Monday, March 25, 2013

dignity

As you can see, I still get lattes sometimes. :) Last week, I spent a while sitting at a cafe reading this book. I had attended a book-talk by Donna Hicks at my favorite bookstore a few weeks ago, and ended up with this book in my to-read pile. When I first saw this book, I was intrigued by the topic, but did not think it related too much to my work or life, since it was largely based on international conflict resolution.

However, I got the book because one thing I am trying to grow in right now is treating my clients with more dignity. As they have often gone through shameful and belittling experiences, it seemed like an important part of my contact with them is to counteract this sense of powerlessness, and to treat them with a sense of importance. But it was still not clear in my mind how this was to happen - how do you treat someone with dignity?

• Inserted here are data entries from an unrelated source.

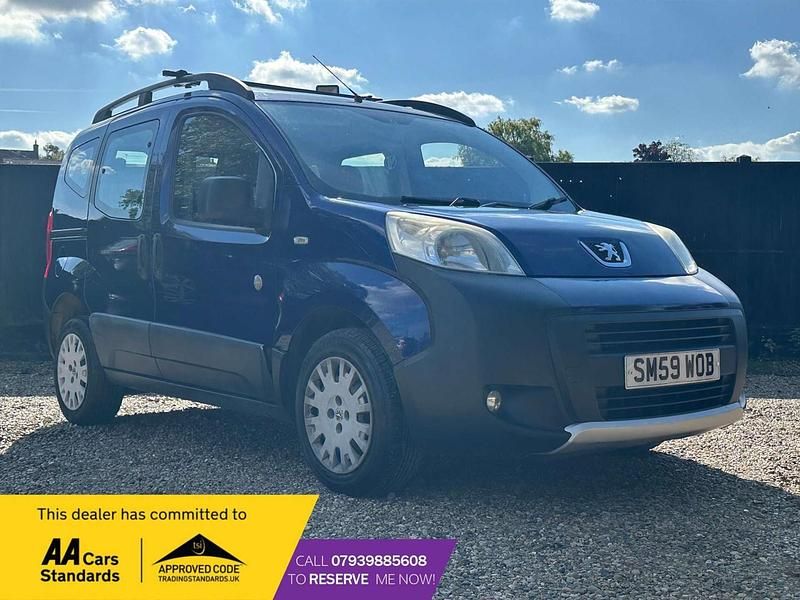 Blue Used 2010 Peugeot Bipper Outdoor MPV | £3,495 - Image 1/4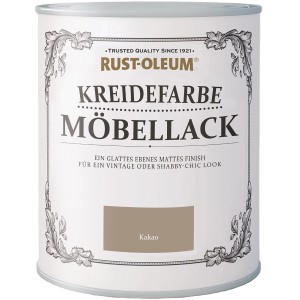 Dose Rust-Oleum Kreidefarbe Möbellack Kakao, matte Farbe für Möbel im Vintage-Stil.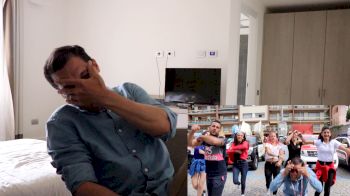 Ian Watches Himself Learn The Caravan Dance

This book addresses this - not only on the international nation-states scale, but also on the personal face-to-face level. It's been helpful in not only thinking through how I treat my clients, but also how I treat my neighbors, friends, and family. It has provided a lot of fuel for thought in terms of what I want to teach my kids - how to treat others knowing their God-given worth. As I think about what it means to teach my children about God, His heart for people and His heart for justice, this seems foundational.

But even as I start thinking through how to teach my kids, I am struck by how much I need to learn and live out. How do my actions foster an environment of inclusion, especially to those who are easily left out? How do I acknowledge another's history and sensitivies in conversation and decision-making? Am I able to give the benefit of the doubt and do I desire to understand more than to share? Am I fair in the ways I treat and think about others?

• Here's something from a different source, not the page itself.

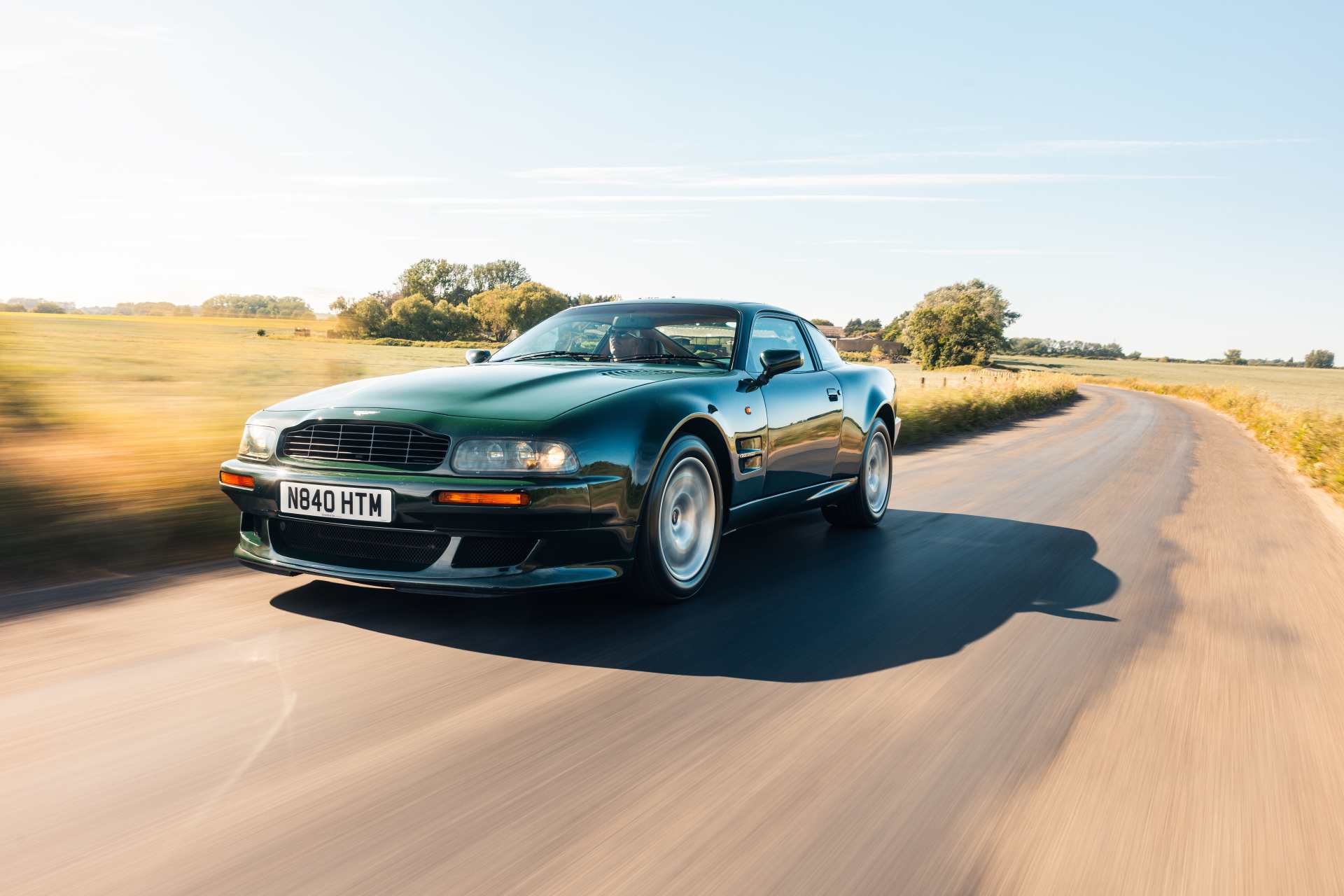 1996 Aston Martin V8 Vantage V550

As I think about this concept of "justice" and what it means for myself and my family, I think more and more, I'm drawn to the fact that at the foundation of it all is the need to see and treat people for who they are - created in the image of God, with inherent dignity and importance, and a desire to be known and understood. I hope it is out of this that I may enter into works of justice and, by God's grace, teach my children what it means to be just.

Wednesday, March 13, 2013

the year of the knitted footwear & small beginnings


Since this blog started out as a craft blog, it seemed time to give an update on the knitting that has been happening this winter. I think I will coin this year the year of the knitted footwear. I just kept finding patterns for our feet! It's funny how there seems to be random themes that run throughout each knitting season - scarves and shawls, hats and hats and hats...and now, footwear. I will say I am starting to get intrigued by sweaters...but not right now. Springs seems to be in the air, and I am itching to go out with the boys and leave the warmth of knitting needles behind...just for a little bit.

The other thing that has been brewing at our house (and in my heart) is how to spend less and spend better...on many things, but starting small, beginning with our coffee. We don't drink a lot of coffee, but I was falling into a rut of always buying coffee out. Not that there's anything wrong with that, but I just didn't like the way it was adding up...and the way I was always tempted to upgrade to a latte (yummm!). Occassionally, a latte is a wonderful treat (and I am not banning myself from ever buying lattes or coffees out), but regularly spending $3-4 on a cup of coffee was not my preference (don't worry, if you do, I don't think any more or less of you - everyone is different, I'm just speaking for myself!). I will say now that I have kids, buying a cup of coffee is so much easier than bringing out a mug of coffee, along with the kids and their gear and my bag and everything else. But it's doable. Or we slow down a bit more in the morning, and I actually just enjoy some coffee at my dining table. :) Well, anyway, I wanted to spend less on coffee. But not just spend less...spend better, spend smarter, spend more justly. And so I was excited to come across Land of a Thousand Hills Coffee Company at the Justice Conference. They not only make great coffee, and not only pay fair and just wages to the Rwandan farmers, but also they go further to try to promote forgiveness and reconciliation in a war-torn region full of a history of ethnic hatred and abuse. Many of my clients come from Ethiopia, Eritrea, Burundi, Somalia and Sudan...and as I work with them, the concept of hope and forgiveness often seems so distant and foreign. The Tutsi-Hutu divide seems unsurmountable; I write about it in applications and motions, but I don't really try to engage with the actual pain of it all - too much, too deep, too brutal. But organizations/businesses like Land of a Thousand Hills gives me hope in this...that change may be possible and healing may actually one day come, however small and however slow it may seem now.